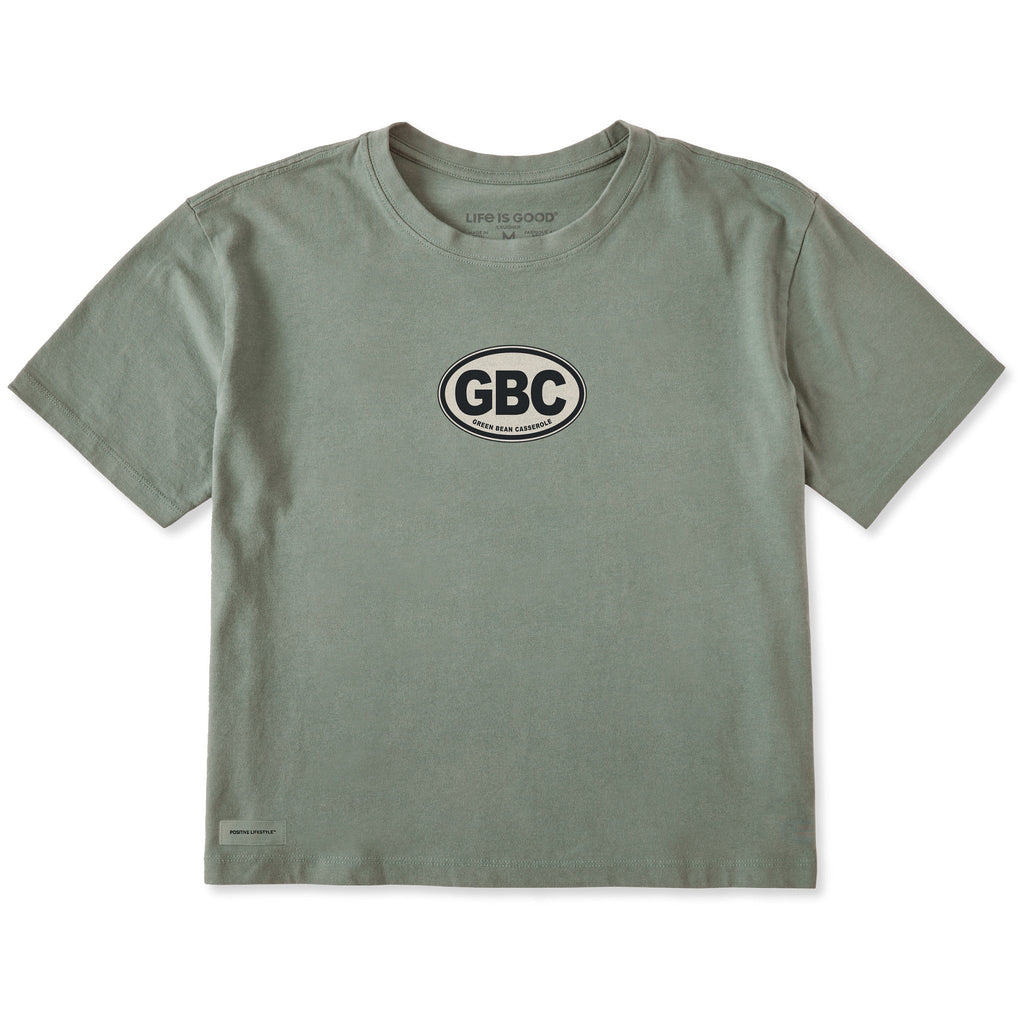 Women's Green Bean Casserole Oval Short Sleeve Crusher Boxy product image 1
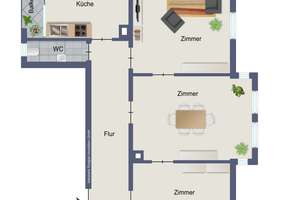 Altbau-Charme trifft Funktionalität: 3-Zimmer-Wohnung mit Balkon – Die vollständige Adresse der Immobilie erhältst du vom Anbieter., 70176 Vogelsang, Stuttgart – Vorschaubild 16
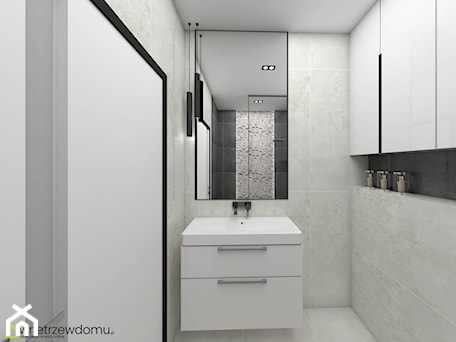Aranżacje wnętrz - Łazienka: Niewielka łazienka z kabiną prysznicową - wnetrzewdomu. Przeglądaj, dodawaj i zapisuj najlepsze zdjęcia, pomysły i inspiracje designerskie. W bazie mamy już prawie milion fotografii!
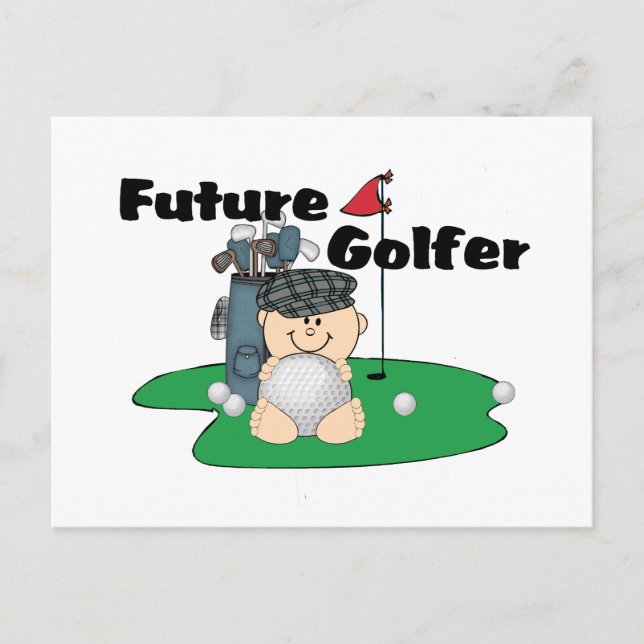Carte Postale Futur Golfeur (Devant)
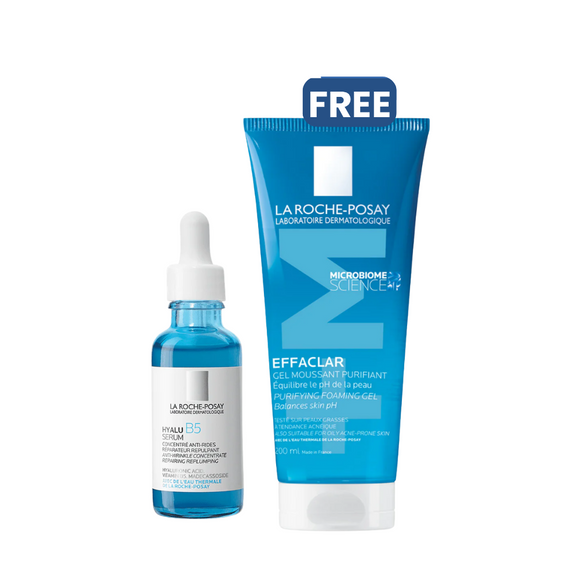 La Roche Posay Hyalu B5 Serum With A Free Effaclar Gel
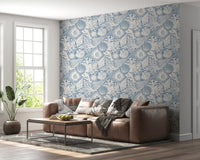 Marine line motifs anchor a master hallway with Boho Azure wallpaper.
⁠GD9547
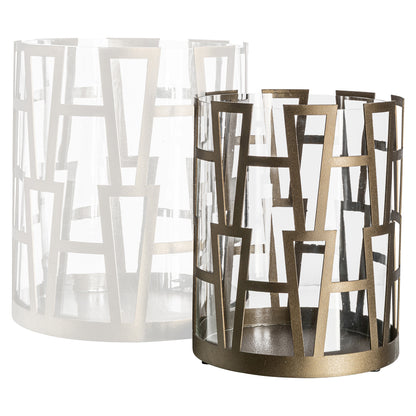 Richmond Interiors Windlicht Shandy brass antique small Windlicht Richmond Interiors
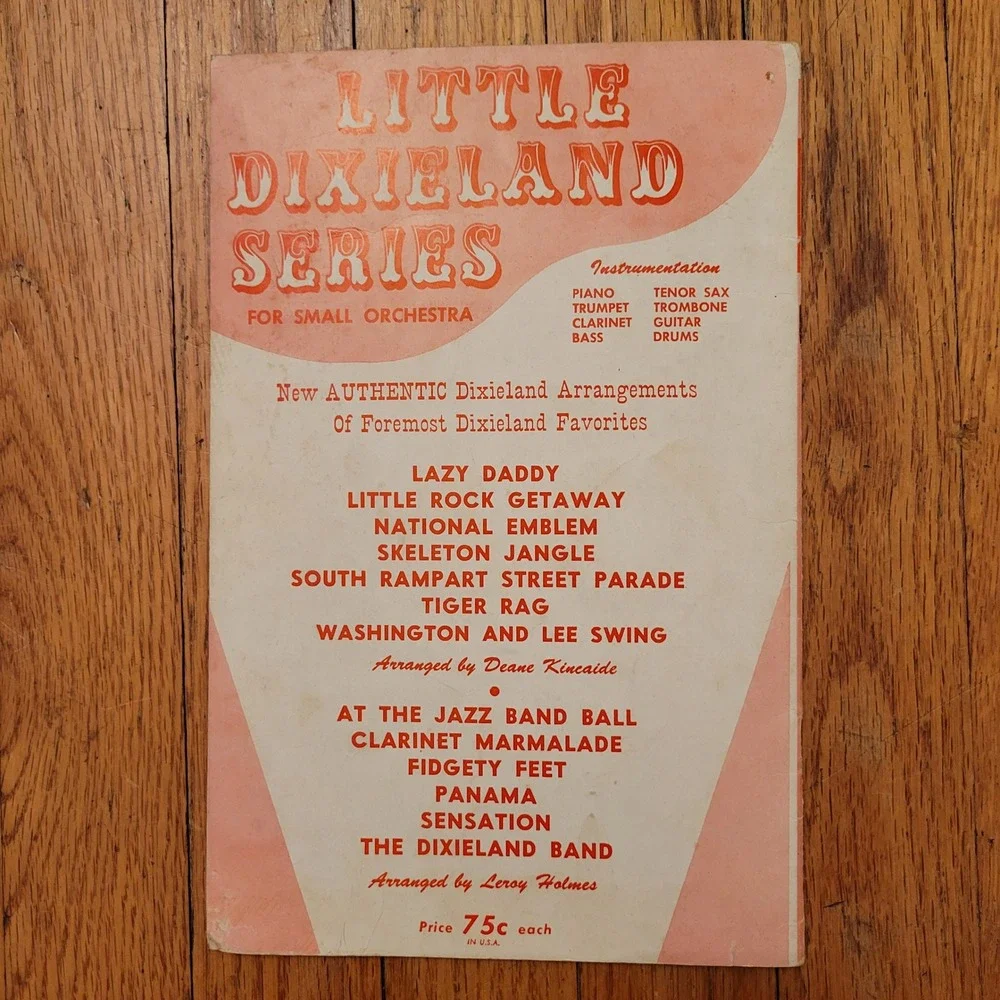 Combo Orks No 2 Small Dance Band Sheet Music Eb Bb‎ C Books Paul Hill Vintage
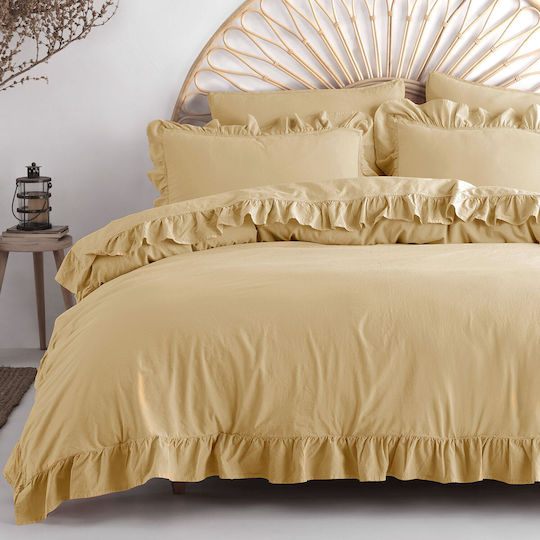 Darymex Decorative Pillow Case 100% Cotton Beige 40x40cm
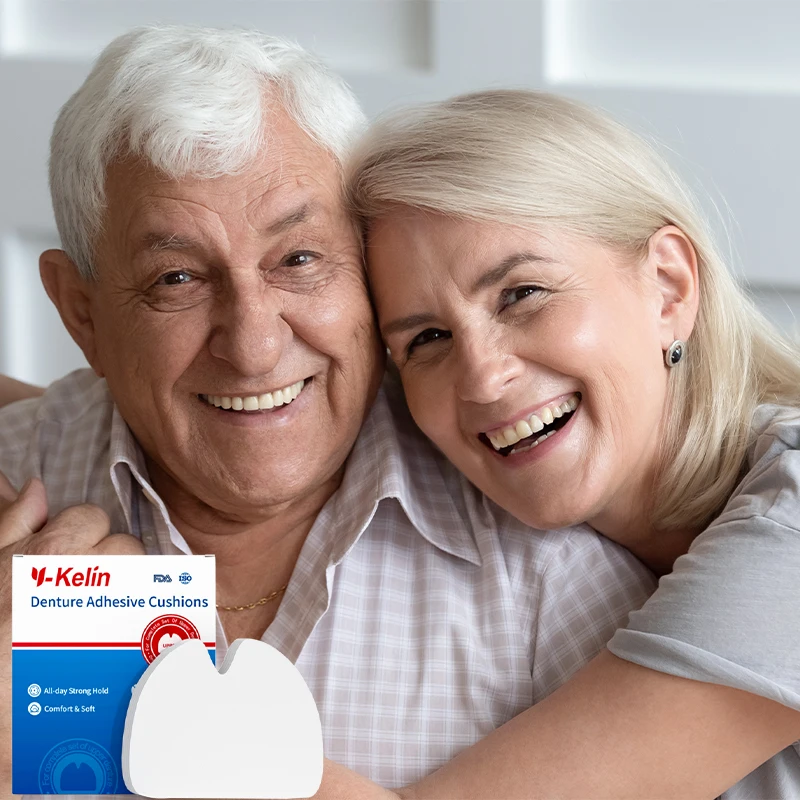 Y-Kelin Cuscino Adesivo Per Protesi (Superiore) 30 Cuscinetti Per Faldenti Superiori Dentadura Jaw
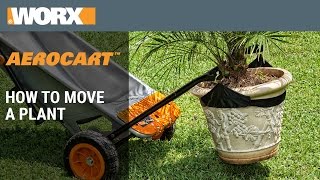 How to Move a Plant Using the WORX Aerocart [upl. by Maclay]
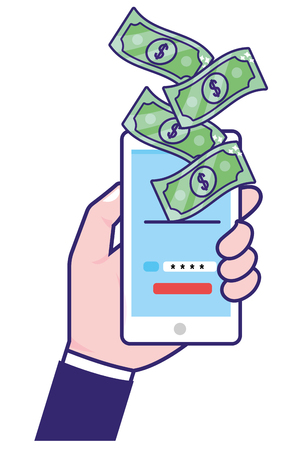 saving money cartoonのイラスト素材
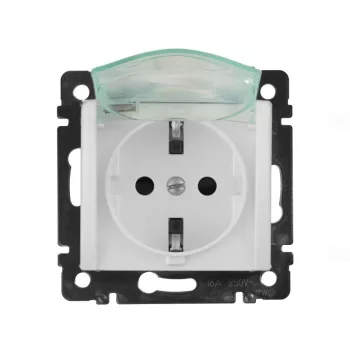   Legrand 774220 Valena IP44 2P+F csatlakozóaljzat csapófedéllel, keret nélkül fehér ( Legrand 774220 )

───

● **Problem details**: Starting at the line with "Darymex Decorative Pillow" in the entries above, write out every line exactly until the line with "saving money cartoonのイラスト素材" has been written. Include no pictures and nothing more.

● **Reply to the task**:
 Darymex Decorative Pillow Case 100% Cotton Beige 40x40cm
 Y-Kelin Cuscino Adesivo Per Protesi (Superiore) 30 Cuscinetti Per Faldenti Superiori Dentadura Jaw
 How to Move a Plant Using the WORX Aerocart [upl. by Maclay]
 saving money cartoonのイラスト素材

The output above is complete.